How 3-Pass Rebalancing Works
Stock rebalancing sounds simple. Move inventory from where it is not selling to where it is. In practice, doing this well across a multi-branch retail network is a surprisingly deep problem.
Replenify's rebalancing engine uses a 3-pass architecture, where each pass solves a distinct class of problem and each builds on the results of the one before it. This post explains how the passes work, why the order matters, and what makes the whole system deterministic.
Why three passes?
A single-pass approach -- "look at all stock, figure out where it should go" -- sounds efficient but produces poor results. The reason is that different types of stock movement have different economics, different constraints, and different priorities.
Warehouse stock sitting in a distribution centre is already costing you money in carrying costs and is generating zero revenue. Getting it to stores is the highest priority. Inter-store transfers have freight costs that must be weighed against potential uplift. Fragmented stock scattered across stores in unsellable quantities needs consolidation before it can be useful.
Trying to optimise all three simultaneously creates a combinatorial explosion. Solving them sequentially, in the right order, produces better results in a fraction of the time.
Pass 1: Warehouse to retail
The first pass handles the simplest and highest-value problem: pushing warehouse stock to stores that can sell it.
How it works
The engine evaluates every SKU in the warehouse against every store's demand profile. For each potential push, it considers:
- Demand signal. Does this store have recent sales velocity for this SKU or similar SKUs? Is the store currently stocked out or running low?

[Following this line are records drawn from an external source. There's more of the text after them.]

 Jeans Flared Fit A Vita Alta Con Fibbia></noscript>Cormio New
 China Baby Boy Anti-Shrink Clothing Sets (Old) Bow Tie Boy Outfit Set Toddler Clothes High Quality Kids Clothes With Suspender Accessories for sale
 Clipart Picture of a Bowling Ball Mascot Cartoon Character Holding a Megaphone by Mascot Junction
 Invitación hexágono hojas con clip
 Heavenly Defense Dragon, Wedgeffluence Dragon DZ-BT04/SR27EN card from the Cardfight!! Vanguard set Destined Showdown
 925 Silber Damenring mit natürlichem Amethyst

- Size run viability. Pushing a single size 9 to a store that has no other sizes in that style creates a fragment, not a sellable offering. The engine checks whether a push completes or extends a viable size run.

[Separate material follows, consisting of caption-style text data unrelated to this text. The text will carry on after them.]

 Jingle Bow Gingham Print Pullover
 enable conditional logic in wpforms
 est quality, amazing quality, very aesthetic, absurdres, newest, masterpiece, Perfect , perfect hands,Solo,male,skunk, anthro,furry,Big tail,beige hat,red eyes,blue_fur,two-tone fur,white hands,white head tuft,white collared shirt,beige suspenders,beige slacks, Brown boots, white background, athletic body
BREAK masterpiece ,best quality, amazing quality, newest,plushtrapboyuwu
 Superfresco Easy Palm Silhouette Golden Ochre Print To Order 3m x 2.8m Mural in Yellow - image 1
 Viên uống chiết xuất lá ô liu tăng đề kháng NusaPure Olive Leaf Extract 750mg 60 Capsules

- Store capacity. Stores have physical and financial limits. The engine respects both.
- Minimum push quantities. Sending one unit to a store is rarely worth the logistics cost. Configurable minimums ensure pushes are operationally sensible.
In the pilot, Pass 1 generated 129 warehouse-to-retail moves. These are the lowest-risk, highest-return moves because the stock is already in a central location with established distribution logistics.
What makes it different
Most warehouse allocation systems push stock uniformly -- every store gets its "fair share" based on a simple formula. Replenify's Pass 1 pushes stock to where demand actually exists, informed by real sell-through data and size curve intelligence at the store level.
Pass 2: Inter-store balancing
This is where it gets interesting. Pass 2 handles the most complex and highest-volume problem: moving stock between stores.
The distance-aware routing challenge
Moving stock between stores is not free. A transfer from a Johannesburg store to a Cape Town store costs R200-500 per box in freight. A transfer between two stores in the same shopping centre might cost R50. The engine must weigh the potential gross profit uplift of every move against its actual transport cost.
This is why naive rebalancing fails. A spreadsheet can tell you that Store A has too much and Store B has too little. It cannot tell you whether the freight cost of fixing that imbalance exceeds the margin you will recover.
How inter-store balancing works
For every SKU at every store, the engine evaluates potential transfers to every other store. The evaluation pipeline runs each candidate move through the 17-stage NAE (Need Assessment Engine) pipeline:
- Demand verification. Does the receiving store have genuine demand for this SKU?
- Stock surplus confirmation. Does the sending store have genuine surplus -- stock beyond what it can sell in the remaining season?
- Size run impact at source. Will removing this stock break a sellable size run at the sending store? Breaking a size run at the source to fix one at the destination is usually a net negative.
- Size run impact at destination. Does this move complete or extend a sellable size run at the receiving store?
- Distance cost calculation. What is the actual freight cost for this specific origin-destination pair?
- GP uplift estimation. What is the expected gross profit impact, accounting for the probability of sale at full price versus markdown at each location?
- Minimum quantity aggregation. Can this move be bundled with other moves on the same route to meet minimum shipment thresholds?
- Cannibalisation check. Will this move reduce sales at the sending store, or is the stock genuinely surplus? 9-17. Additional constraint checks covering store capacity, seasonal timing, product lifecycle stage, promotional conflicts, return-to-vendor eligibility, category balance, fixture capacity, regional clustering rules, and consolidation opportunity flagging.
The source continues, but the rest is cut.